Plastic toys are taking over our living space. The windows and TV are covered in sticky fingerprints.
The floor is littered with rice cake crumbs and highchair debris. I find mashed-up bits of banana in the car door and I haven’t seen the bottom of the laundry basket for two years.
And guess what? I’m finally learning not to give a sh!t.
With a two-year-old and a brand new baby, I am beginning to realise that if I want a clean, tidy house, I’m fighting a losing battle.
It’s time to embrace the chaos of kids.
When I had my first daughter, I thought that because I was now a stay-at-home mum, it was ‘my job’ to do the housework, grocery shopping and baby-wrangling.
But between feeding, crying and rocking (and that was just me!), I felt I’d achieved something that day if I’d had a shower and was wearing clean undies.
And while that chaotic newborn phase didn’t last long, the chaos simply became a different form of chaos as she started crawling, walking and emptying cupboards and drawers.
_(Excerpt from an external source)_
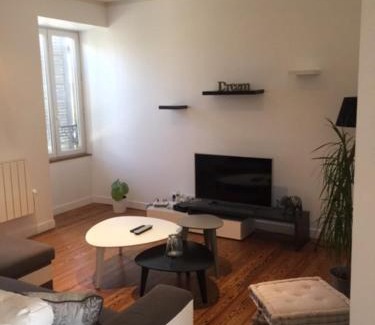 Montalieu-Vercieu Apartment | MONTALIEU SEJOUR Appartement les orchidées, 4 pers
My once-relatively-high standards flew out the (dirty) window.
At times the relentless picking up of toys off the floor, the sweeping up three times a day and the overflowing washing basket have seemed like little demonic voices in my head, taunting me, reappearing just to spite me. And I’ve not been able to fully relax at night until the place was clean and tidy.
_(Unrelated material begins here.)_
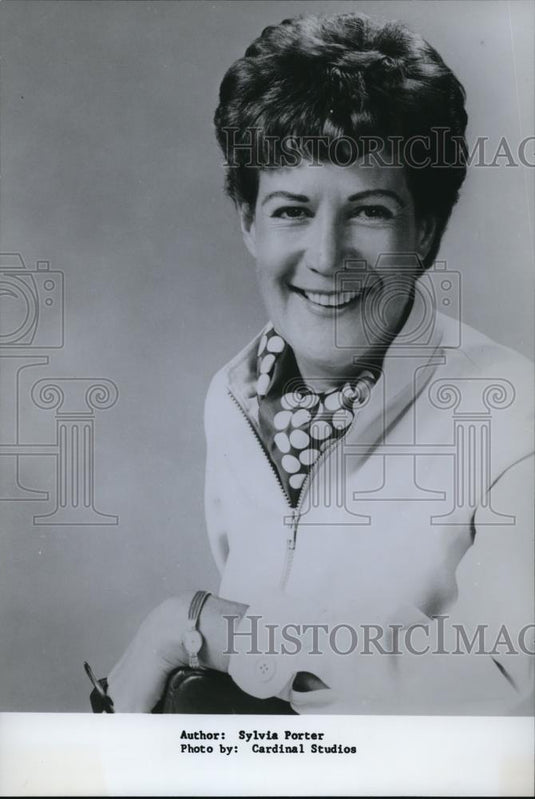 1975 Press Photo Sylvia Porter - Historic Images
But recently I’ve been thinking about an encounter I had when my daughter was just a few months old. I was in a café giving her a bottle when a man, who must have been in his eighties, approached.
“I’ve got three children, all old now,” he said. “I’d give anything to go back and cuddle them as babies.”
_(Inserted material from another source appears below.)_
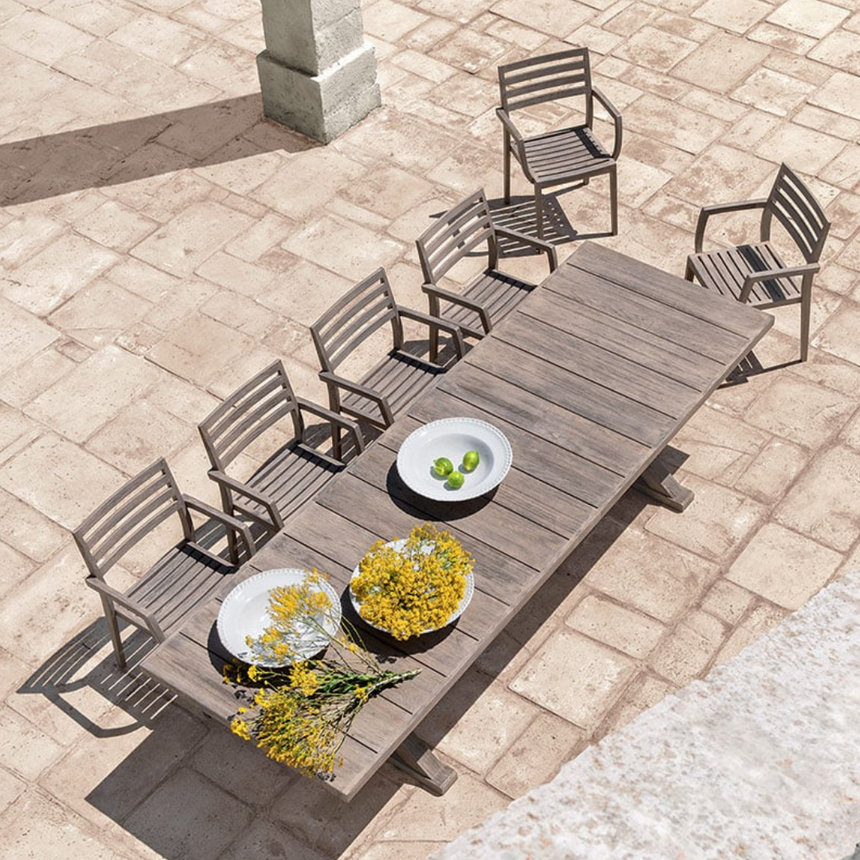 Kilt garden coffee table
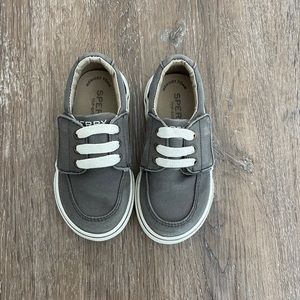 Sperry toddler boy sneakers size 7.5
As he walked away, I sat my daughter up and she projectile vomited the entire feed all over the café floor. I was so embarrassed and flustered trying to mop it up that what he’d said didn’t sink in at the time.
But he was right. In years to come, we’ll yearn for the time in our lives when our kids were funny, cute little tornadoes turning our lives and our hearts upside down.
I’m sure we won’t think: ‘If only I’d had a cleaner house’.
We’ll probably hate that the house is so quiet, that we can find things exactly where we left them.
So as I sit here (typing one-handed with my newborn asleep on my lap) and survey the room – wraps, muslins and milk stains all over the sofa, nipple cream, painkillers and breast pads strewn across the coffee table and some new pink plastic additions to minimise my older daughter’s jealousy – I’m trying to embrace the chaos and mentally prepare for what’s in store.
If the whole house becomes one giant toy box, if new life forms grow in the back of the car, then so be it. Bring it on – it won’t last forever, after all.